I agree that Hydrazoan's explanation of the behaviour of copper is very accurate except that I think you are assuming metallic copper deters fouling organisms as a consequence of copper ions in the water adjacent to the surface being protected. This is how conventional (painted on) antifoulings work where cuprous oxide is combined with a cocktail of organic biocides applied as part of a resin layer. In these materials the biocide cocktail is designed to leach out of the resin matrix and make the boundary surface layer of water poisonous to fouling organisms. Antifouling makers try to make the cocktail effective against as many fouling types as possible, in other words the more you pay the wider the spectrum it will be effective against.
Metallic copper leaches out of the surface very slowly indeed and losses of metal are more due to mechanical erosion than leaching. In this respect pure copper leaches more quickly and erratically than from a copper nickel alloy where erosion is slower and very predictable. Metallic copper works by a contact mechanism and not by releasing biocide into the water meaning its effect is only where there is actual metal in contact with the water. Even small gaps in the metal will allow fouling organisms to grow healthily. Barnacle larvae immediately start laying down their inert adhesive when they settle on a surface so if they can get even a very small spot down they can exist quite happily on that as they grow to maturity.
We have a Cuprotect installation on equipment in a gas field about 150km off the Canadian coast. The Canadian Government were very nervous about high concentrations of metallic copper in the sea and insisted the owners install sensitive monitoring equipment to measure copper ion concentrations 1 metre up current and 1 metre down current from 5 sites. In nearly 3 years they have not been able to detect any difference in copper concentrations between the fresh water flowing in a steady current, and the water after it has passed over the Cuprotect coating.

 

[Kelpie]

An aluminium hull flame (arc) sprayed with copper as is done with some galvinising processes might make an interesting test bed. Not a diy process though, and would rquire a 'certain amount' of funding..
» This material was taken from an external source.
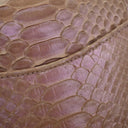 Chanel Small Python Classic...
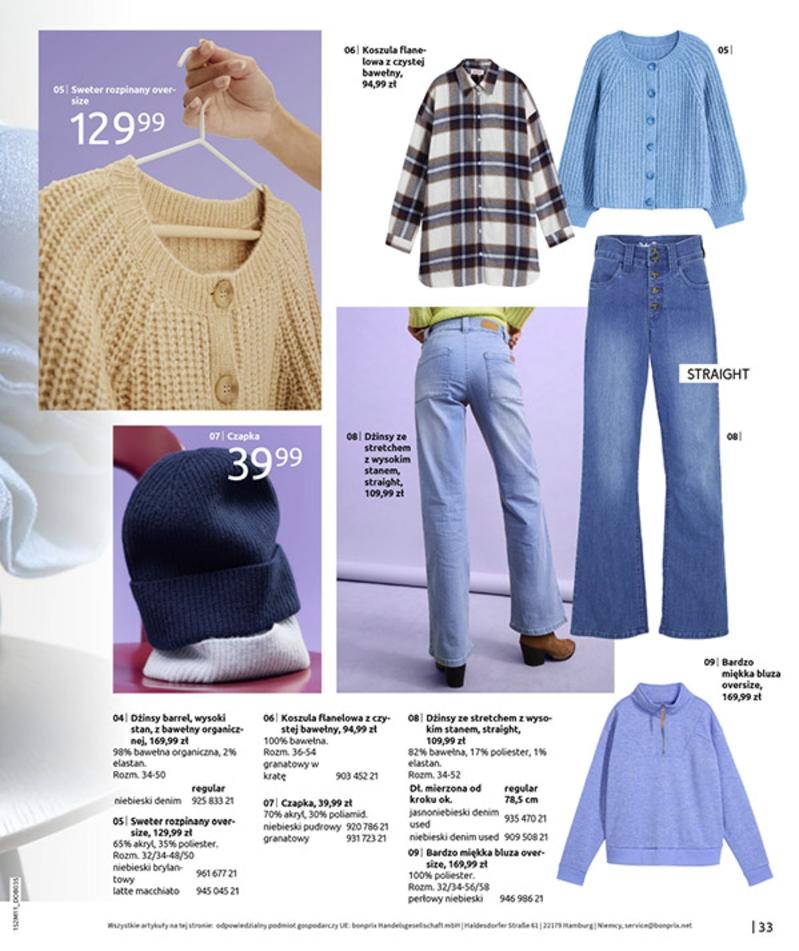 Gazetka promocyjna bonprix str. 35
All agog to see how you get on.

yrs.
D.

Sounds a good way to make a battery...

 

[Hydrozoan]

I agree that Hydrazoan's explanation of the behaviour of copper is very accurate except that I think you are assuming metallic copper deters fouling organisms as a consequence of copper ions in the water adjacent to the surface being protected. ...

Thanks, Pasarell, for your response and the additional information.
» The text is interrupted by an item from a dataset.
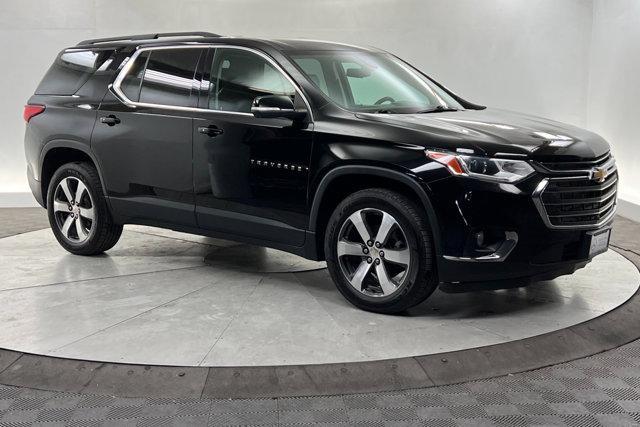 used 2021 Chevrolet Traverse car, priced at $26,300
I wasn’t assuming that cupric ions in adjacent solution were necessarily deterring settlement – which is why I asked the question about barnacle settlement in my PS, to which you have given a response. I understand that the biochemical interaction of the patina with an organism settled (even briefly) on it will be complex, and different from that of an organism in the water in its immediate vicinity.
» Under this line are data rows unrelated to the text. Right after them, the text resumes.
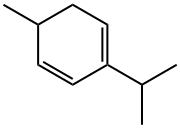 1,3-Cyclohexadiene, 5-methyl-2-(1-methylethyl)- Struktur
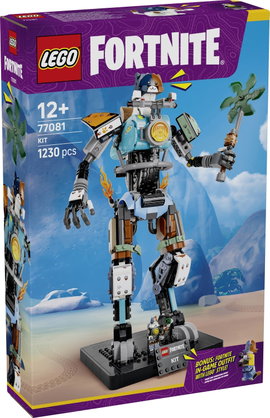 77081 Lego® Fortnite Egy építőkészlet számos kreatív részlettel és fantasztikus játékos rajongói ele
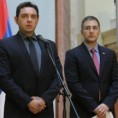 Стефановић и Вулин у Косовској Митровици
I pointed out that water composition can affect (a) the nature of the copper ‘patina’ and (b) the predicted free cupric ion level in equilibrium with it, to amplify your point that the antifouling effect can be impaired by pollution and mud. (In referring to the free ion concentration I am not seeking to make a point about the overall rate of copper loss from the surface, but rather referring to it as a general indicator of the potential bioavailability of the copper in the patina - to organisms near it or on it.)

You specifically mentioned physical ‘blocking’ of the surface by pollution and mud, and I wanted to explain that there are potentially strong chemical factors at work, too. Whether physical or chemical effects matter most I do not know. My guess is that either (or both) may be important in different circumstances, but perhaps your experience points to a greater importance of physical ‘blocking’?